- Problem to solve
Nothing but the lines from the one containing "2017 Audi A4" through the last line of the data below should be returned, each copied exactly.

Stored entries:
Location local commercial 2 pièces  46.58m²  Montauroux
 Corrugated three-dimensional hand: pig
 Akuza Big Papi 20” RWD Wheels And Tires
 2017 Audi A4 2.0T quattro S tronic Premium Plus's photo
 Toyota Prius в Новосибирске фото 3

- Task result
 2017 Audi A4 2.0T quattro S tronic Premium Plus's photo
 Toyota Prius в Новосибирске фото 3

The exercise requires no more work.